◆ INPUT
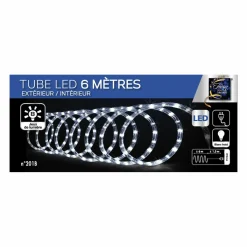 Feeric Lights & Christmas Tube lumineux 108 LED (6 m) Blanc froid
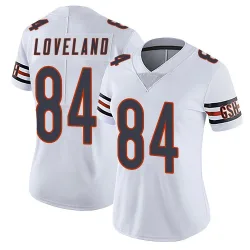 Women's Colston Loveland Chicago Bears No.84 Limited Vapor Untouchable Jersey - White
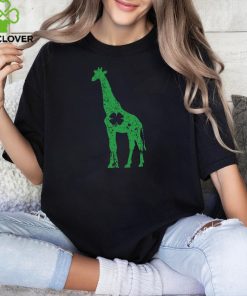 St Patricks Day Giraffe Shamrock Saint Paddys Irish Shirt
...
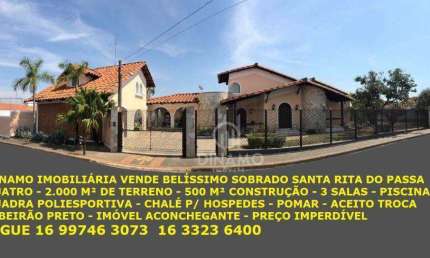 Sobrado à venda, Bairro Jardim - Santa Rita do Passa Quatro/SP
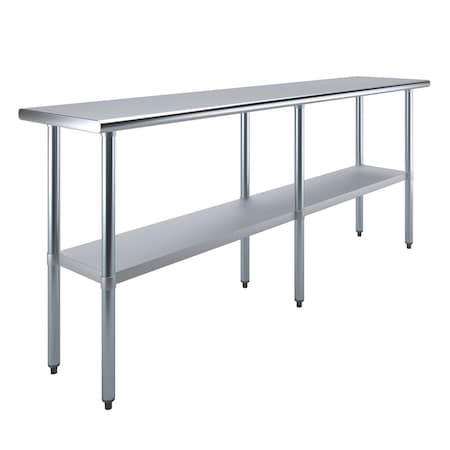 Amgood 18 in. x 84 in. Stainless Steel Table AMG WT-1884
==
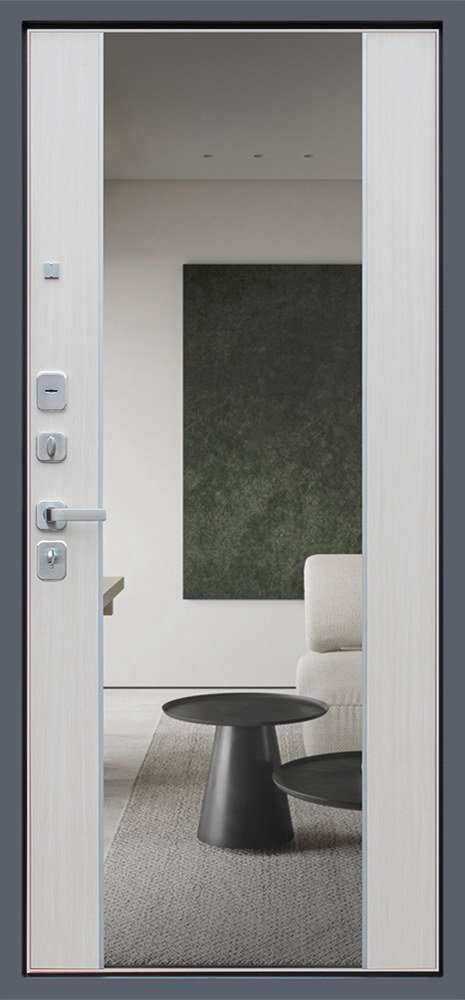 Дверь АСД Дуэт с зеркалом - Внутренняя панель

◆ EXERCISE GOAL
Pictures excluded, reproduce only the part above that opens with the line holding "Feeric Lights &" and closes with the line holding "St Patricks Day", exactly as written.

◆ RESPONSE BELOW
 Feeric Lights & Christmas Tube lumineux 108 LED (6 m) Blanc froid
 Women's Colston Loveland Chicago Bears No.84 Limited Vapor Untouchable Jersey - White
 St Patricks Day Giraffe Shamrock Saint Paddys Irish Shirt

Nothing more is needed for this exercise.